Founding Byrds bassist Chris Hillman is among the many famous musicians featured in Epix’s new two-part docuseries Laurel Canyon, the first part of which premieres this Sunday, May 31, at 9 p.m. ET.
The series delves deeply into the fertile music scene that centered around Los Angeles’ Laurel Canyon neighborhood during the late 1960s and early ’70s.
Hillman tells ABC Audio that he feels the docuseries’ research was “spot on,” and that the whole project was “very well done.”
Chris recalls that The Byrds were among the first rock acts to move to the canyon, along with Frank Zappa. Hillman’s band played at various famous Sunset Strip clubs located right down the road from Laurel Canyon, including Ciro’s, The Trip and, of course, the Whisky a Go Go.
Chris says one of his favorite bands from the scene was Buffalo Springfield.
“I got to know them really well,” Hillman remembers, “and helped them get [their first] job at the Whisky a Go Go.”
Interestingly, two Springfield members, Stephen Stills and Neil Young, later teamed up with Byrds co-founder David Crosby in Crosby, Stills, Nash & Young.
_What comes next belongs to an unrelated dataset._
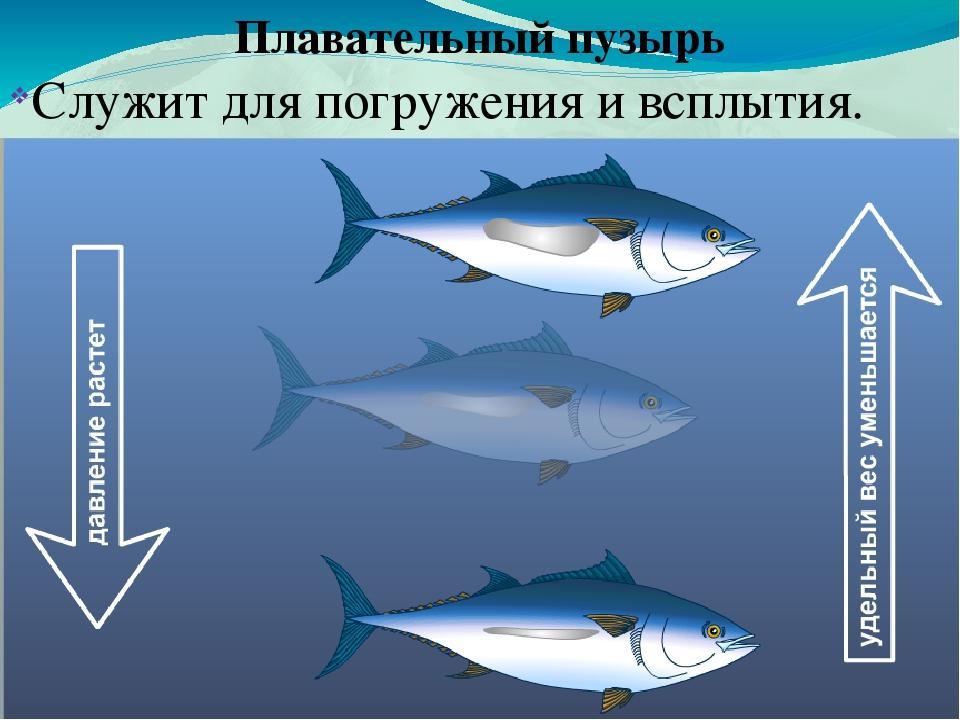 Выбери название единственного глубоководного. Плавательный пузырь у рыб. Гидростатический аппарат у рыб. Гидростатическая функция плавательного пузыря у рыб. Плавательный пузырь у рыб выполняет функции.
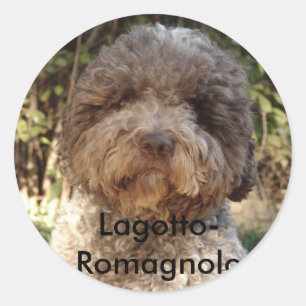 Sticker Rond autocollant, Lagotto-Romagnolo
Chris, meanwhile, wound up leaving The Byrds in 1968 to join Gram Parsons — who’d replaced Crosby in The Byrds — in the pioneering country-rock act The Flying Burrito Brothers.
“[I]t was sort of funny,” Hillman recalls, “’cause [Gram and I] would go down and play in these country-western clubs all around L.A. and sit in, and just glom onto it and absorb it all.”
In 1969, The Burrito Brothers welcomed to their lineup Bernie Leadon, who later became a co-founding member of The Eagles, one of the 1970s Laurel Canyon scene’s premier artists.
These inter-band connections are one of the fascinating aspects of the scene that the docuseries explores.